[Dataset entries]
........

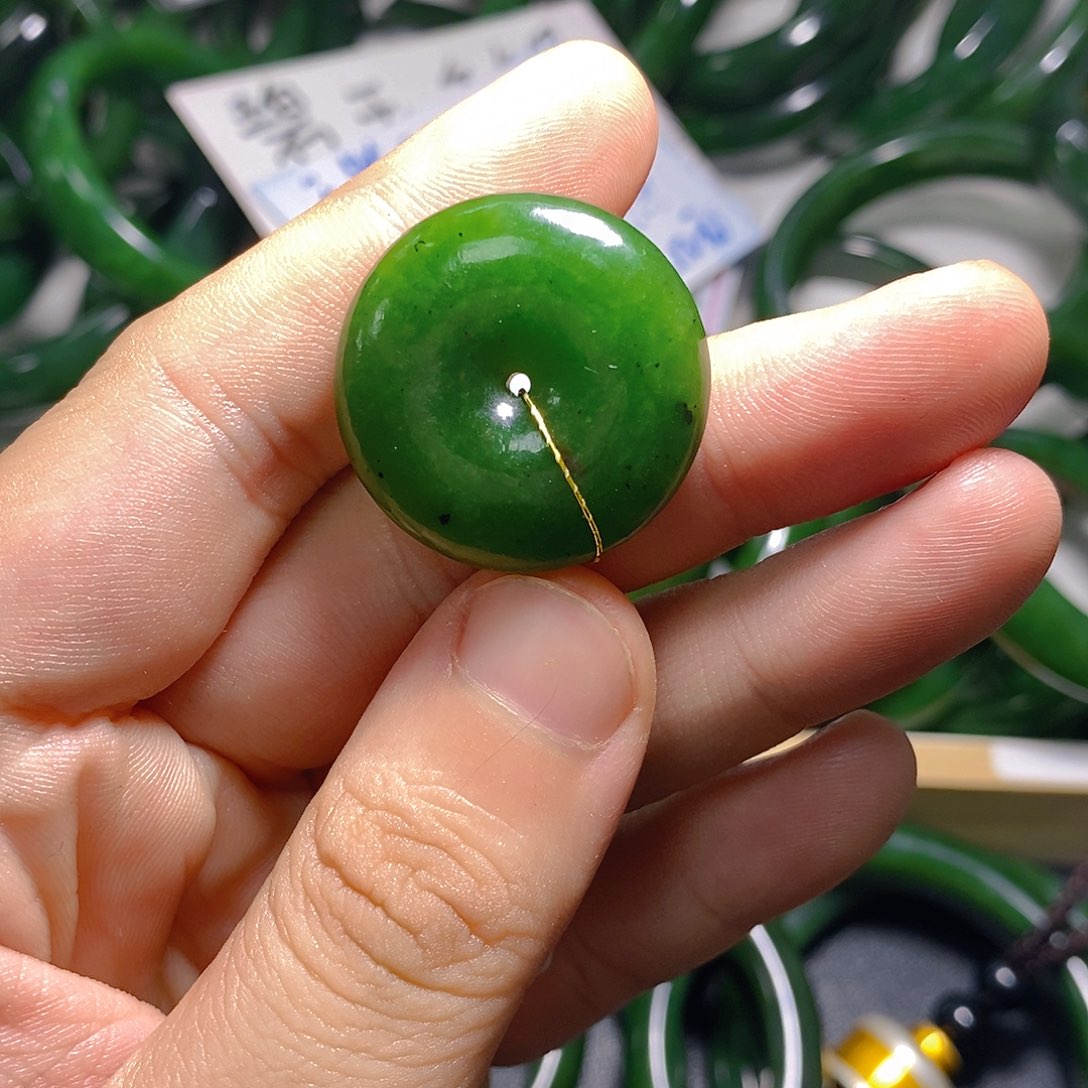 雪***铭和田玉（碧玉）未镶嵌手链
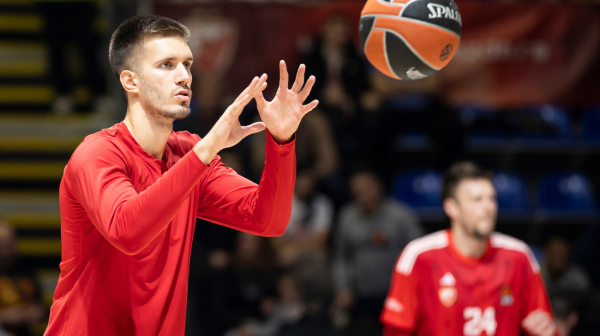 Petrušev: "Ne volim da igram u ovoj hali, kao sala za fizičko"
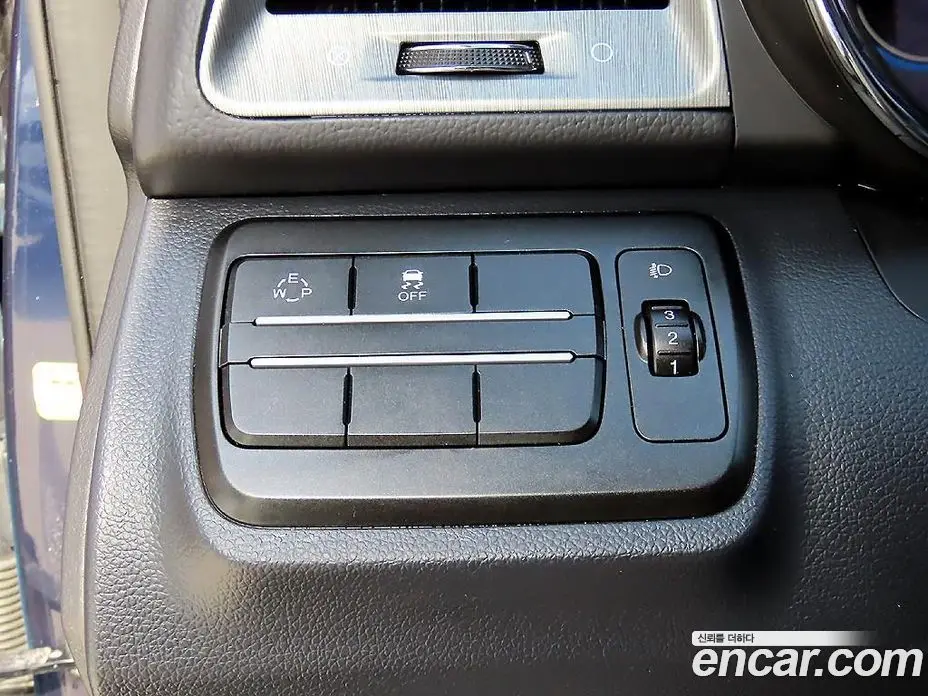 SsangYong TIBOLI 2017 1.6 автомат (гидро), фото 12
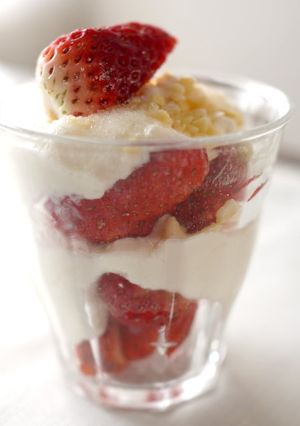 自家製クリームチーズのいちごパフェ-レシピのメイン写真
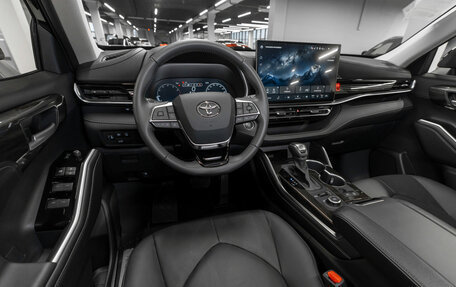 Toyota Highlander, 2025 год, 6 150 000 рублей, 10 фотография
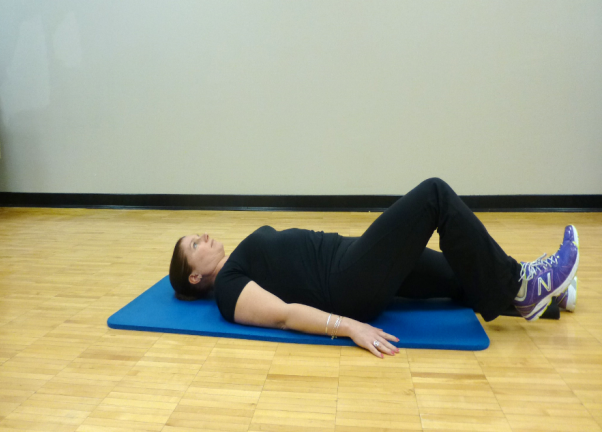 Abdominal & Core 22 leg drop exercise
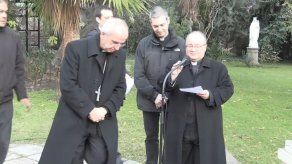 Enviados papales en Chile llaman a que se haga justicia con víctimas de abusos sexuales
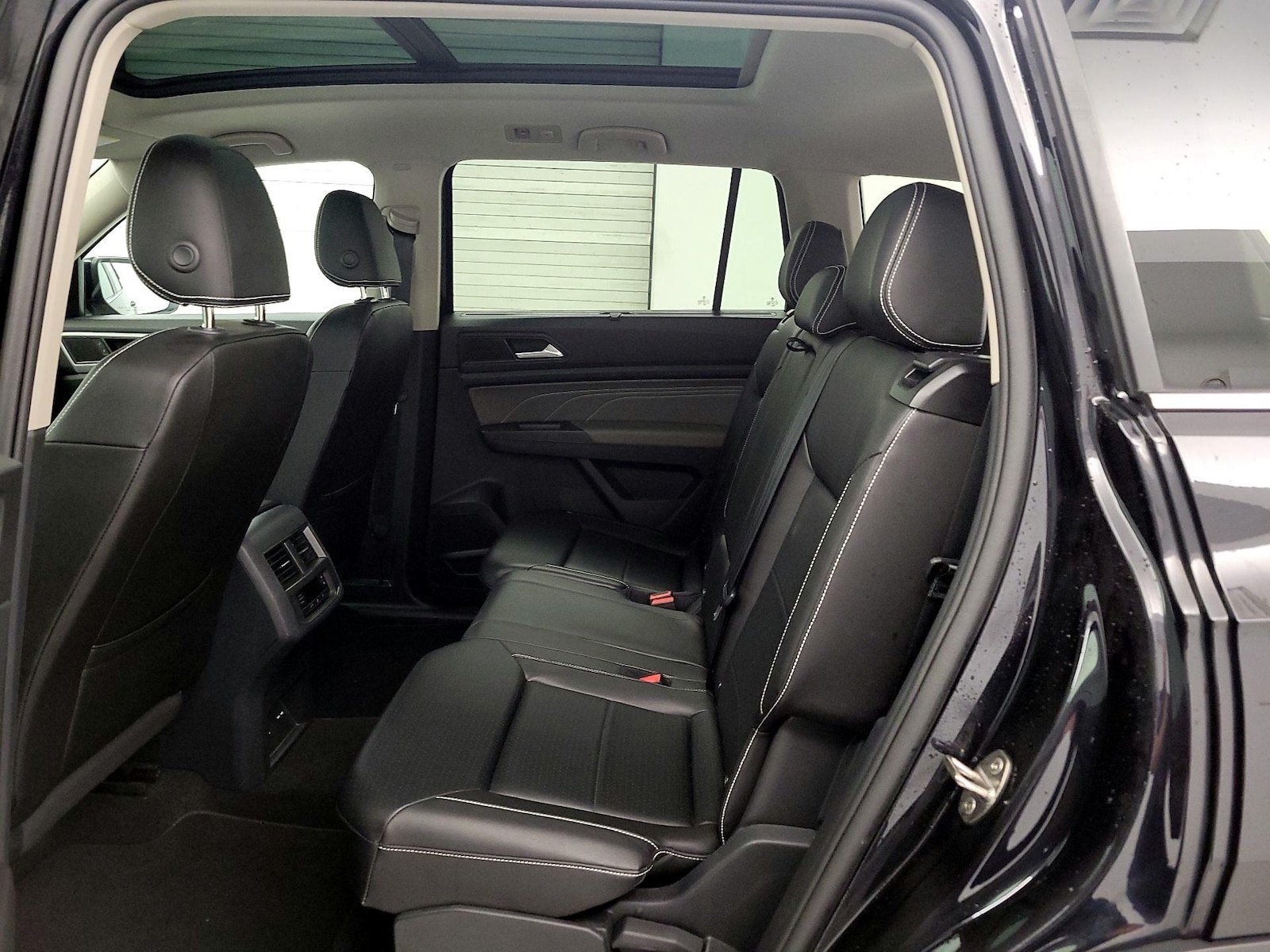 2023 Volkswagen Atlas SE w/Tech - Photo 21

........

** WORK TASK **
Each record above must be returned exactly as written, with its pictures omitted.

** TASK ANSWER **
 雪***铭和田玉（碧玉）未镶嵌手链
 Petrušev: "Ne volim da igram u ovoj hali, kao sala za fizičko"
 SsangYong TIBOLI 2017 1.6 автомат (гидро), фото 12
 自家製クリームチーズのいちごパフェ-レシピのメイン写真
 Toyota Highlander, 2025 год, 6 150 000 рублей, 10 фотография
 Abdominal & Core 22 leg drop exercise
 Enviados papales en Chile llaman a que se haga justicia con víctimas de abusos sexuales
 2023 Volkswagen Atlas SE w/Tech - Photo 21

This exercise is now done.